> _TASK DIRECTIONS_
What follows is data; output all of it exactly as given.

[[ INFORMATION GIVEN, beginning ]]

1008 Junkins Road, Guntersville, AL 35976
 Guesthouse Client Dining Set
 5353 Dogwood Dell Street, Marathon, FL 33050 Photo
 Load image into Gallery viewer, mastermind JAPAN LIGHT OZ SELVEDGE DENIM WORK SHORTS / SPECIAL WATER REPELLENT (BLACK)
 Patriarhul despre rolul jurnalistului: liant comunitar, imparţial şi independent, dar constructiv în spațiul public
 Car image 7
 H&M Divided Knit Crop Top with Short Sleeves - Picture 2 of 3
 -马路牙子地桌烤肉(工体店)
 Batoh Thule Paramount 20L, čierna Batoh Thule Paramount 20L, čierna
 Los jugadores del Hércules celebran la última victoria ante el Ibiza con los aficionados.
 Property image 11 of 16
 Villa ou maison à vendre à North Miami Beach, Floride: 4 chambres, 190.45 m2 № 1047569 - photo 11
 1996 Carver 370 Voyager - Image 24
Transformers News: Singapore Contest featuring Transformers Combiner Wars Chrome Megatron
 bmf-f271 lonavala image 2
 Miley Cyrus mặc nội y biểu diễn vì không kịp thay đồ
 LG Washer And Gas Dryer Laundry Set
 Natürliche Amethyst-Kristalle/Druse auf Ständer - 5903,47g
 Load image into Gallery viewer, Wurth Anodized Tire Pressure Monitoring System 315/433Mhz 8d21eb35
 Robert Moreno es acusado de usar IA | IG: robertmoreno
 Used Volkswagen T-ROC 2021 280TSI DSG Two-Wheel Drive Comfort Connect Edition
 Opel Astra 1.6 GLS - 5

[[ INFORMATION GIVEN, end ]]

> _TASK RESULT_
1008 Junkins Road, Guntersville, AL 35976
 Guesthouse Client Dining Set
 5353 Dogwood Dell Street, Marathon, FL 33050 Photo
 Load image into Gallery viewer, mastermind JAPAN LIGHT OZ SELVEDGE DENIM WORK SHORTS / SPECIAL WATER REPELLENT (BLACK)
 Patriarhul despre rolul jurnalistului: liant comunitar, imparţial şi independent, dar constructiv în spațiul public
 Car image 7
 H&M Divided Knit Crop Top with Short Sleeves - Picture 2 of 3
 -马路牙子地桌烤肉(工体店)
 Batoh Thule Paramount 20L, čierna Batoh Thule Paramount 20L, čierna
 Los jugadores del Hércules celebran la última victoria ante el Ibiza con los aficionados.
 Property image 11 of 16
 Villa ou maison à vendre à North Miami Beach, Floride: 4 chambres, 190.45 m2 № 1047569 - photo 11
 1996 Carver 370 Voyager - Image 24
Transformers News: Singapore Contest featuring Transformers Combiner Wars Chrome Megatron
 bmf-f271 lonavala image 2
 Miley Cyrus mặc nội y biểu diễn vì không kịp thay đồ
 LG Washer And Gas Dryer Laundry Set
 Natürliche Amethyst-Kristalle/Druse auf Ständer - 5903,47g
 Load image into Gallery viewer, Wurth Anodized Tire Pressure Monitoring System 315/433Mhz 8d21eb35
 Robert Moreno es acusado de usar IA | IG: robertmoreno
 Used Volkswagen T-ROC 2021 280TSI DSG Two-Wheel Drive Comfort Connect Edition
 Opel Astra 1.6 GLS - 5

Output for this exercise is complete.